Thailand: Weak baht takes centre stage
The Finance Ministry will hold talks with the Bank of Thailand to discuss and delve into the factors behind the weakening baht, said Finance Minister Arkhom Termpittayapaisith.
He said the depreciating currency has added to inflationary pressures thus necessitating an examination into whether the declining value of the baht is linked to the country’s economic fundamentals or external factors including the fast-strengthening greenback.
“The currency’s value is affected by numerous factors and the ministry will be holding talks with the Bank of Thailand to see which ones are driving the baht’s volatility,” Mr Arkhom said.
“The Bank of Thailand is in charge of monetary policy and there is not much the ministry can do to intervene, so the planned talk will be a joint analysis to see whether the baht is depreciating too fast and how its decline in value is affecting the economy, businesses and consumers,” he added.
He said the government has introduced a raft of measures to alleviate the impact of high energy prices to help businesses maintain their production costs.
“A weak baht affects imports of raw materials, which are a key part of production costs. The government has implemented measures to regulate retail prices. To control costs, we have used all the tools we have,” he said.
When asked if the drop in the baht’s value is likely to be a short- or long-term trend, Mr Arkhom said the currency will eventually strengthen as the economy improves.

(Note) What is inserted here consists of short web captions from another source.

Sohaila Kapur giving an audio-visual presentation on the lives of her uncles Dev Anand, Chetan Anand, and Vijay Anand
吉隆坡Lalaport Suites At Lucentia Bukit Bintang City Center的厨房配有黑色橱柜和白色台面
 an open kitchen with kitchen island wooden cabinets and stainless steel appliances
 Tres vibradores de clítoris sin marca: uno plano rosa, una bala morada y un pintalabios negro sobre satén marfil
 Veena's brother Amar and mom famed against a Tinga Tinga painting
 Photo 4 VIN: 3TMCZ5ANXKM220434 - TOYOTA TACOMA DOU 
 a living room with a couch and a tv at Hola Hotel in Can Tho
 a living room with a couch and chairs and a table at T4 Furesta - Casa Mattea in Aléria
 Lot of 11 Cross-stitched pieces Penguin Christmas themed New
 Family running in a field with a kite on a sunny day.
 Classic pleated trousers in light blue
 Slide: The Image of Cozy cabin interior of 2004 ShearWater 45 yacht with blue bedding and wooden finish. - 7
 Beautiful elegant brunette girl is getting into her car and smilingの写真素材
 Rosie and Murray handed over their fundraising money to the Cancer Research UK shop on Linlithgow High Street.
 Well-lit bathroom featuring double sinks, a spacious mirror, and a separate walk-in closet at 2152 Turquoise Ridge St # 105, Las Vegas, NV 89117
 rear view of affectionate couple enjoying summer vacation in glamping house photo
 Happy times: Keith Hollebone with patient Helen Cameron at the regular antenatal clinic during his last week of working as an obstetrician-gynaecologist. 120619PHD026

The finance minister said when the US Federal Reserve is finished hiking interest rates in a bid to control inflation, the Thai currency will adjust accordingly.
When asked if the huge difference in interest rates between the US and Thailand had caused the baht to depreciate, he said that based on the Bank of Thailand’s report the gap has not significantly affected capital outflows.
He said energy prices and concerns about a recession hitting the world’s superpowers must be closely monitored along with US interest rate hikes as these strongly impact currencies and capital markets.
The planned talk between the Finance Ministry and the central bank comes amid concerns about the slide in the baht’s value by Deputy Prime Minister Prawit Wongsuwon in his capacity as acting prime minister.
Gen Prawit said he had instructed the ministry, central bank and other agencies during Tuesday’s cabinet meeting to discuss ways of stopping the baht’s slide.
The deputy premier said he told the cabinet that something had to be done to appropriately manage the baht and the finance minister agreed to look into the matter.
However, he was unable to say what an appropriate rate should be, noting that the agencies concerned would discuss the issue.
When asked if he had sought to regain a rate of 35 baht to the US dollar at the cabinet meeting, Gen Prawit said: “I used the word ‘should’ but authorities concerned will look into it and see what they can do.” He declined to say when he expected to receive a report on the issue.
Paisal Puechmongkol, a lawyer, wrote on Facebook that Gen Prawit did not order the pegging of the baht, which would be illegal. The baht has not been pegged to the US dollar since July 2, 1997.
He said Gen Prawit’s goal was to warn concerned parties to keep a close watch on the currency’s value to avoid further economic harm.